Tuesday, July 8, 2008
Grandmas' opinions of Adoption
It's been interesting getting the different opinions from the Grandmas involved in Hope's very open adoption. My mother was scared to death that Jill was going to come back for Hope (before and after parental rights were terminated). She was convinced that Jill was going to come in during the middle of the night and take Hope right from our home. I tried to tell her otherwise, but she had none of that. She just knew it was going to happen.My husband's birthmother (who gave him up for adoption when she was a teenager) knew that it was meant to be, that we were doing the right thing and that our open adoption was fairy tale perfect.My husband's adoptive mother is also convinced that at some point, Hope is going to be taken away and returned to Jill. I think it's a generational thing. I'm almost convinced she thinks that her own son is going to be given back to HIS birthmother, 48 years after his birth. So you have an idea of where her perspective comes from.Then we have Hope's birth-paternal grandmother. She visits Hope regularly and is very thankful we offer her the opportunity to do so. She is a realist and knows that our desires could change and we could no longer invite her in to our home. She knows her place in our family and is very respectful, almost to a fault.
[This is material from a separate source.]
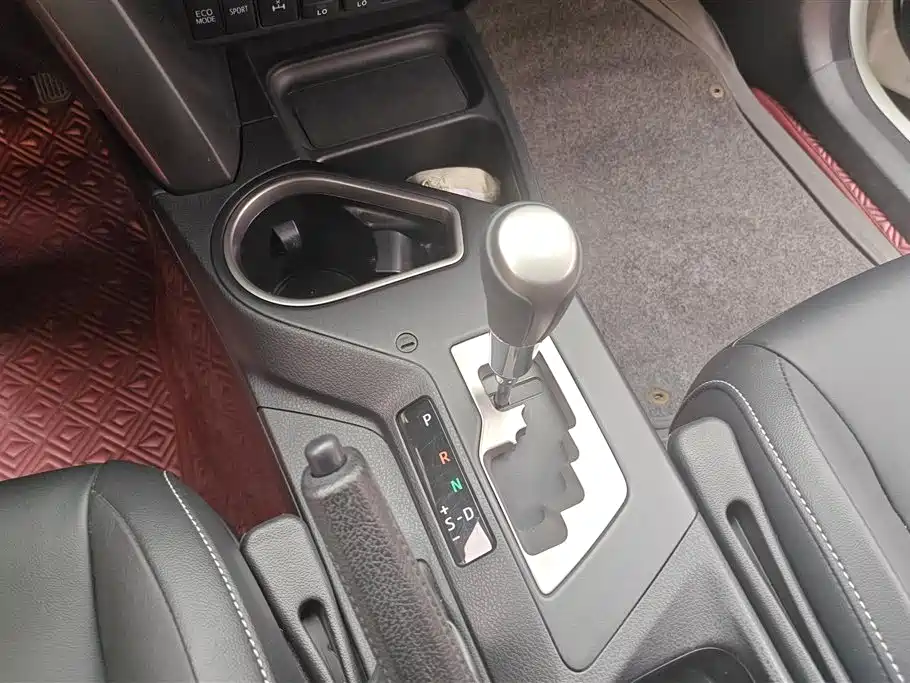 Toyota RAV4 Rongfang 2018 2.5L Automatic 4WD Elite i Edition фото 16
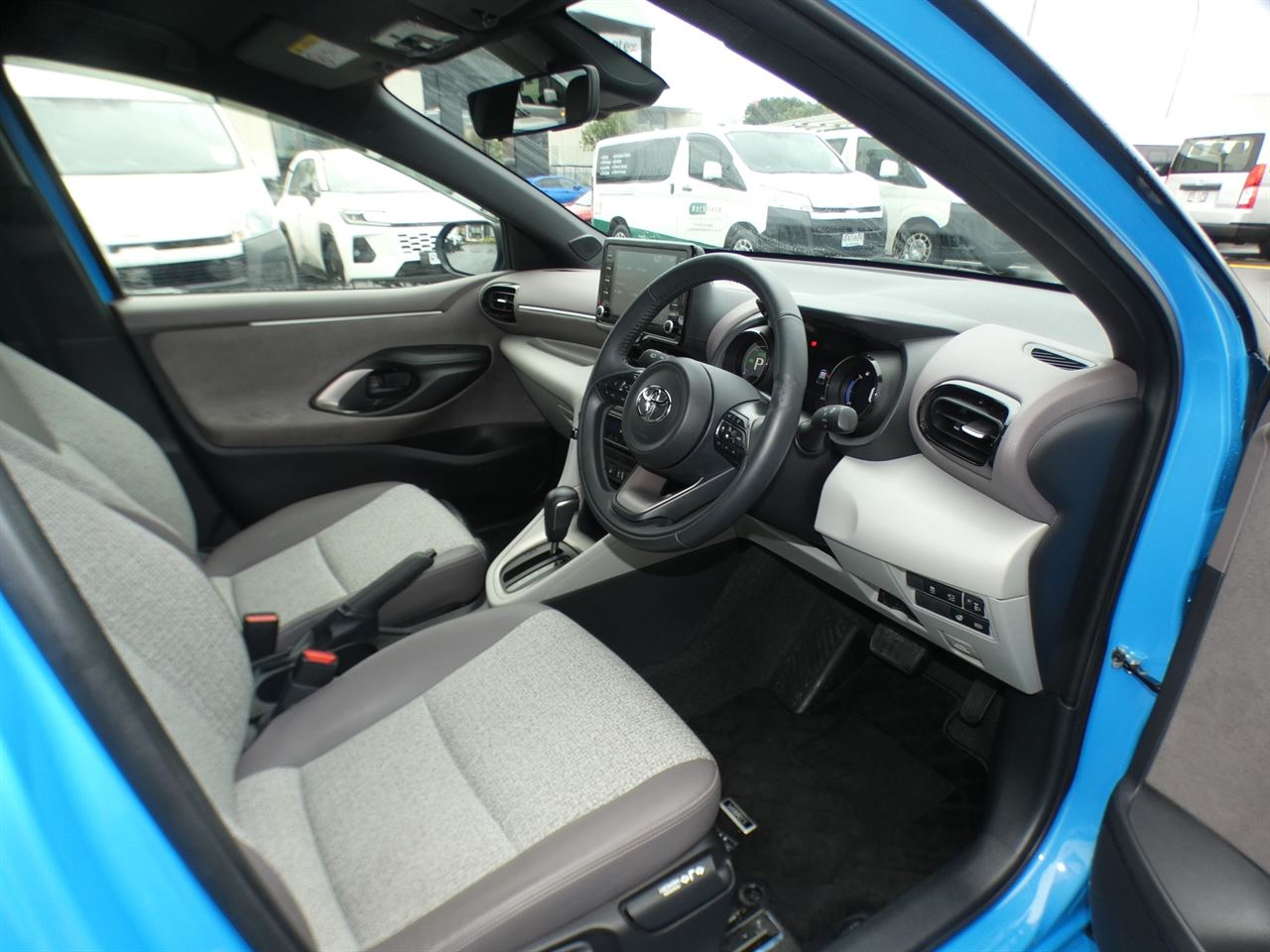 Vehicle image 2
We have told her since the beginning, you are Hope's Grandmother. You have EVERY right to be here and be part of her life and our family. Nothing is going to change that, ever. But I'm sure she also realizes that we have no "contract" and nothing says our relationship has to continue.That said, the other day while she was here to visit, she told me something that brought tears to my eyes and has had me thinking about it ever since. Upon leaving, she said "I know Jill made the right choice". I looked at her and smiled. She said "from the beginning we knew Jill wasn't the maternal type, kids drive her crazy. She has a big heart but she isn't meant to be a mother. You, on the other hand, are. Yes, she made the right choice. Hope is in the best place she could ever be." I think about that and think about how fortunate Hope is to have her birthfamily in her life and how fortunate WE are to have her family in OUR lives. I like to think we are a big family now. I realistically know that our paths would have never crossed had Jill not given Hope to us. We would have never known she existed. Now, she is filling a void in my life I didn't know I had. Now we all have Hope.